Nel quadro d’insieme si suppone che abbia un peso non indifferente anche la corruzione.

Da una parte la corruzione, dall’altra la non tracciabilità delle azioni, la cattiva fede. Sono come scatole cinesi, occorre risalire a chi è l’investitore primario e chi sono i secondari legati a quel flusso specifico di investimenti, e non è un’impresa semplice. 
 

Landgrabbing: Eine animierte Einführung ins Thema Landraub

 

Se dovesse individuare una soluzione praticabile per salvaguardare i diritti delle vittime del land grabbing?

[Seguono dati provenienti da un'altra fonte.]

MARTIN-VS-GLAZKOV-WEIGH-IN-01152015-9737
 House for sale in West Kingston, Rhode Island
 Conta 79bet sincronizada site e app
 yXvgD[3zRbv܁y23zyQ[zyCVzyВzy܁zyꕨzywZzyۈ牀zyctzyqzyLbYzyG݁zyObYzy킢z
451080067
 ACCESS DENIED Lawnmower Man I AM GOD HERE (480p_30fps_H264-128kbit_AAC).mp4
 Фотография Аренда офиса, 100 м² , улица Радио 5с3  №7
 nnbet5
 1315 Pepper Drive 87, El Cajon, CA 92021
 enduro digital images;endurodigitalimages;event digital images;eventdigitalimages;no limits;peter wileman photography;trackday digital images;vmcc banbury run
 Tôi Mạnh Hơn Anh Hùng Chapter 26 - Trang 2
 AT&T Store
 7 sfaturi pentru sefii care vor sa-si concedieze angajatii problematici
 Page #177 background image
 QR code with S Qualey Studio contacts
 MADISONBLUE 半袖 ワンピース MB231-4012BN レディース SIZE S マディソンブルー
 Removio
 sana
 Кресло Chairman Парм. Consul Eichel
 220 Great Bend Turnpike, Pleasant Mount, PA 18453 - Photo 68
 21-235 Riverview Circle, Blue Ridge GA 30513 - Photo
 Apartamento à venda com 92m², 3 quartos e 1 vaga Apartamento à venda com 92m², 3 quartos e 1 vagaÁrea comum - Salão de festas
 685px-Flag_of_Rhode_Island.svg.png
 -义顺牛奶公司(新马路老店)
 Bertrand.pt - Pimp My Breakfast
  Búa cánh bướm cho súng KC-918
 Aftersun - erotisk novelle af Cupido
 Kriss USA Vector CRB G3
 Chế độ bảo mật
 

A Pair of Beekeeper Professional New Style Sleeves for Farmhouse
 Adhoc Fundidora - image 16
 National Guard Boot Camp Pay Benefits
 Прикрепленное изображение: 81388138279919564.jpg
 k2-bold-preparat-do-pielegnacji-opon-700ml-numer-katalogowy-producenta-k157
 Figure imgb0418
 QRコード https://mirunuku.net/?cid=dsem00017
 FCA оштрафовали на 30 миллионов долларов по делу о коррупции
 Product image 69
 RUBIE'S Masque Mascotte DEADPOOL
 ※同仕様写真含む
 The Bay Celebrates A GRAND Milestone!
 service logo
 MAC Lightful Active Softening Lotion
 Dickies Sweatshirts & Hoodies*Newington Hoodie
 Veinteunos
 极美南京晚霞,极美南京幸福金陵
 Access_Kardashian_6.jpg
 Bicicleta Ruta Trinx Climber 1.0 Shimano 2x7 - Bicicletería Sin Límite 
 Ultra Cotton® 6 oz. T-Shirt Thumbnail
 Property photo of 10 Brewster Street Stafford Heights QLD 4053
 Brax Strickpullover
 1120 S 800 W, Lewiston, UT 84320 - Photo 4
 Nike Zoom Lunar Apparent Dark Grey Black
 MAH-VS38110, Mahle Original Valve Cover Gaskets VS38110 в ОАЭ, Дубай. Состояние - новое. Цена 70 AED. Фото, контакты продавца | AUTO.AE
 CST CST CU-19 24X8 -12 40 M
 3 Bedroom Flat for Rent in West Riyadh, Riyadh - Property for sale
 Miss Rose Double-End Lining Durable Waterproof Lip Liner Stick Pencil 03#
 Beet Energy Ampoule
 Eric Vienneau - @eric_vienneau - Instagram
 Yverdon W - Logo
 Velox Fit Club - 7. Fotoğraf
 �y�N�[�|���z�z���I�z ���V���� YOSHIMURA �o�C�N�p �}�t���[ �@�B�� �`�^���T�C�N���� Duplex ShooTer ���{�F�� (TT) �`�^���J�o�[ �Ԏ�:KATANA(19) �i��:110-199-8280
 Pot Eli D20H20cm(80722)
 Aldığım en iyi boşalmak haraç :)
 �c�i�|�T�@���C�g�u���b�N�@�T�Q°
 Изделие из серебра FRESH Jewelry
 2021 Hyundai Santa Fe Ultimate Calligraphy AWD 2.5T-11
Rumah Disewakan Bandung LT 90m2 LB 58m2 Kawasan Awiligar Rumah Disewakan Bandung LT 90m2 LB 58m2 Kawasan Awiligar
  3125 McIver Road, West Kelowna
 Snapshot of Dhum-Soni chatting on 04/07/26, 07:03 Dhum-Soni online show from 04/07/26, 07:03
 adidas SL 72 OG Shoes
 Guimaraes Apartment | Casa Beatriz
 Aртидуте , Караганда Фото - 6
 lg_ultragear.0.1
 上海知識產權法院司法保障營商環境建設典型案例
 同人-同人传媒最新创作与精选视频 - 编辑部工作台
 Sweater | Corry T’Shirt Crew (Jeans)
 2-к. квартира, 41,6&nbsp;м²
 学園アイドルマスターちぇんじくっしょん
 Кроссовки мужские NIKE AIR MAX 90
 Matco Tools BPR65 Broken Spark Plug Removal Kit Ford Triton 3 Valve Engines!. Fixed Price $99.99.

Prima di tutto ci vuole una risposta immediata attraverso la denuncia della violazione avvenuta, la nostra organizzazione ha inoltre stabilito un fondo di protezione per i difensori della terra. Il punto è che è difficile dire di no a un investimento soprattutto per un governo che non può contare su una liquidità. Ma investire nel rispetto dei diritti è una conditio sine qua non. Occorre rendere più consapevoli queste comunità, tradurre nella loro lingua gli strumenti legali che servono per difendersi, per esempio. Sono tante le risposte che, messe insieme, possono costituire una strategia vincente. 

Le nostre scelte di consumo possono promuovere il problema del land grabbing?

Certo, motivo per cui si raccomanda una scelta consapevole dei beni. Sull’olio di palma per esempio c’è molto dibattito, ma non è il prodotto in sé la causa di tutti i mali ma piuttosto come quel determinato investimento sia più o meno invasivo su certe realtà.

Ci sono fondi pensionistici che investono in società di intermediazione che comprano direttamente la terra. Il piccolo risparmiatore può quindi anche in modo inconsapevole partecipare alla corsa alle terre? 

È vero, ci sono fondi europei, e anche americani, che investono a questo scopo. Ecco perché il consumatore deve esigere trasparenza e verificare che tutto si sia svolto in modo corretto e questo, va da sé, è ancora un processo in fieri. Di strada ce n'è ancora molta da fare.